Following the recent “Black Friday” sales, sales data from the United States showed that the amount being spent on online purchases continues to increase each year with an increase in online sales of over 20% in the current year while sales at stores actually decreased from the previous year as more consumers take advantage of the convenience of shopping online.

In recent years many major retailers in South Africa have adopted the “Black Friday” and “Cyber Monday” sales in an effort to increase sales and market share by tapping into the online market.

It is becoming increasingly important for businesses to create and maintain their own websites in order to compete for market share as well as promote their own businesses and products. However determining which costs can be capitalised and which costs should be expensed can be complicated without a proper understanding of IAS 38 – Intangible assets.

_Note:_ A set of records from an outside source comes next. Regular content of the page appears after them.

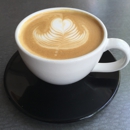 Morning Times - Coffee & Espresso Restaurants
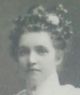 Bertha Strickland (I152)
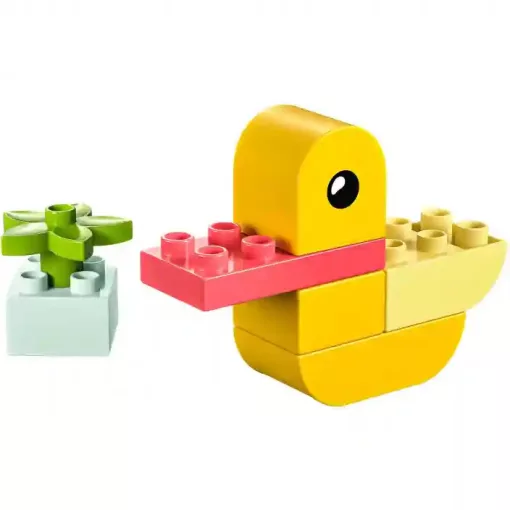 Lego Duplo 30673 Első kacsám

In order for a business to capitalise the costs associated with developing a website the requirements of both IAS 38 – Intangible assets and SIC- 32 – Intangible AssetsWebsite costs have to be met.

There are three critical attributes that have to be met for any website to meet the definition of an intangible asset as required by IAS 38:

  • Identifiability – An asset is identifiable if it can be sold or transferred as a separate asset or if it arises from a contractual or legal right such as the registration of the domain name for the website
  • Control – An entity has control over a website if it has the ability to obtain benefits from the asset
  • Future economic benefits – Increased revenue or cost savings generated from the use of the website

Along with these requirements the recognition criteria of IAS 38.21 have to be met in order to recognise an intangible asset for a website:

  • It is probable that the future economic benefits that are attributable to the website will flow to the entity; and
  • The cost of the website can be measured reliably.

SIC- 32 - Intangible Assets was drafted to specifically deal with the proper accounting treatment related to the costs associated with the development of a website. SIC-32 identifies the following of website development:

  • Planning – The planning stage is similar in nature to the research phase in IAS 38.54-.56. Expenditure incurred in this stage should be recognised as an expense when it is incurred.
  • Application and infrastructure development, Graphical design development and Content   development - Expenditure incurred in these stages should be included in the capitalised cost of a website if it directly relates to preparing the website for its intended use, these include costs such as employee costs, design costs, license fees and the purchase of content for the website.
  • Operation - The operating stage begins once development of a website is complete and it is ready for its intended use. Expenditure incurred in this stage should be recognised as an   expense when it is incurred. Expenditure relating to the advertising and promotion of an entity’s own products should be recognised as an expense when it is incurred.

As the popularity of online shopping continues to grow so do the opportunities for businesses to expand into both local and foreign markets. If your business is not already making use of a website to promote itself you should consider whether developing a website can add value to your business.